Purtroppo, mi resi anche conto che il nostro amico, coperto dal rumore assordante si divertiva a mollarne di potenti. Inutile dirvi che la discomusic ad alto volume, copriva il sonoro, ma non la puzza delle sue performances.
Mi fu subito chiaro il motivo di certe sue improvvise toccate e fuga in pista; ma, soprattutto, mi fu subito chiara l’origine di quel tanfo che si sentiva e che, creava un certo imbarazzo tra i discotecari presenti.
Roba da matti; nell’attesa de farse un giro in giostra, il tipo aveva trovato il suo personalissimo modo di divertirsi.

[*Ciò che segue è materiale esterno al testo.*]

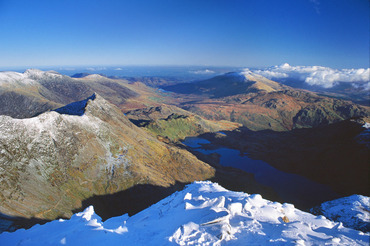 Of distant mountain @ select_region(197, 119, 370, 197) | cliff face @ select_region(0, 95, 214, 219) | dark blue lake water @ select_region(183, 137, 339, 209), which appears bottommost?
dark blue lake water @ select_region(183, 137, 339, 209)

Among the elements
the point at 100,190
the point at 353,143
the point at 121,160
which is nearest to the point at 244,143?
the point at 353,143

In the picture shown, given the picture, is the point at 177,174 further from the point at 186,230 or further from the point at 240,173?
the point at 186,230

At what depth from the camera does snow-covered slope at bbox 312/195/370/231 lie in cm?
6198

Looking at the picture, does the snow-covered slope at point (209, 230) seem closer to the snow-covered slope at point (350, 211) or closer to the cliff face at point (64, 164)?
the cliff face at point (64, 164)

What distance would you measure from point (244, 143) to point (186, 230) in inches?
6417

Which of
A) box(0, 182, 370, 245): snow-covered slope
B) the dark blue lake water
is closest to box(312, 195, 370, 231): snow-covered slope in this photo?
the dark blue lake water

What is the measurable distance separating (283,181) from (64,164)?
12226 cm

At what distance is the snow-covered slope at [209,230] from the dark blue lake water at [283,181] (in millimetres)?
72807

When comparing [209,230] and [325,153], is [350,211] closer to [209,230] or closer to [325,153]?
[325,153]

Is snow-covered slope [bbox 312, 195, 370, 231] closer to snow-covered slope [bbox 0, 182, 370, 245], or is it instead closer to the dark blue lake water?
the dark blue lake water

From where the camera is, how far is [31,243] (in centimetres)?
2525

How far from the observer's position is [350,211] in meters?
69.1

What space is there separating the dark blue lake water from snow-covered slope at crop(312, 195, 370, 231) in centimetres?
869

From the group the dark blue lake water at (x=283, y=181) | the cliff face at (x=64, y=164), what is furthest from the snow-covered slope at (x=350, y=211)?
the cliff face at (x=64, y=164) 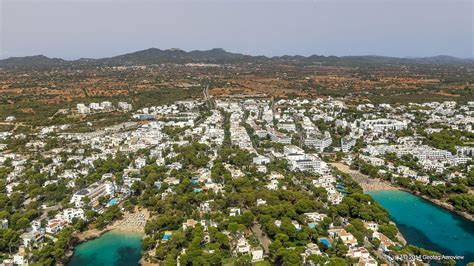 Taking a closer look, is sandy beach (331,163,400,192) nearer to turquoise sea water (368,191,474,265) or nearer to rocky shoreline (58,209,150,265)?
turquoise sea water (368,191,474,265)

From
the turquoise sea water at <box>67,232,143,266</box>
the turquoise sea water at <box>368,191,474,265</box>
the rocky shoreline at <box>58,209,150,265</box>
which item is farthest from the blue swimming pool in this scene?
the rocky shoreline at <box>58,209,150,265</box>

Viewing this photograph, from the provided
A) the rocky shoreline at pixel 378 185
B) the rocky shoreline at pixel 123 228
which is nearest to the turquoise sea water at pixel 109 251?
the rocky shoreline at pixel 123 228

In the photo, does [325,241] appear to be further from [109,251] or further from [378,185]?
[378,185]

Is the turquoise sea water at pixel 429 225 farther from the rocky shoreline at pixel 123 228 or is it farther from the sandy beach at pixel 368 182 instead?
the rocky shoreline at pixel 123 228

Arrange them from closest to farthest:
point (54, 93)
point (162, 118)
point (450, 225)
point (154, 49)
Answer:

Il Tito invece, notò che Moreno Pinton e socio, invece di ballare, se ne stavano guardinghi a bordo pista appoggiati alle colonne. Secondo lui, aspettavano il momento opportuno per tuffarsi sulle prede che poi si sarebbero caricate a bordo dell’Alfetta 2000 Turbodiesel.
Il giorno dopo probabilmente, in bar da Nane, lo stesso Pinton, ci avrebbe riferito, con maniacale dovizia di particolari, tutto quello che era successo sui sedili di quella macchina.
Il nostro neo-antropologo da discoteca si affrettò a denominare quel genere di persone i condor, definizione che rimase nei secoli.
Con una bella carica alcolica addosso e con l’alone di sudore che ormai si era esteso fino alle mutande, tornammo tutti e quattro in pista.
Tito, che probabilmente si avvaleva di qualche sofisticato sensore a noi sconosciuto, aveva individuato le già citate stivaone intente a ballare in cerchio con le loro borsette appoggiate per terra al centro. Almeno apparentemente, non erano marcate a vista da nessun condor.
Danzando con la grazia di una tribù maori, ci avvicinammo all’obiettivo. Le squinzie ci notarono e ci sorrisero; le cose erano due; o buttava bene oppure, semplicemente stavamo facendo la figura dei coglioni. In quel momento, ero anche preoccupato che a EnsoPenso non venisse in mente di sparare uno dei suoi … petardi.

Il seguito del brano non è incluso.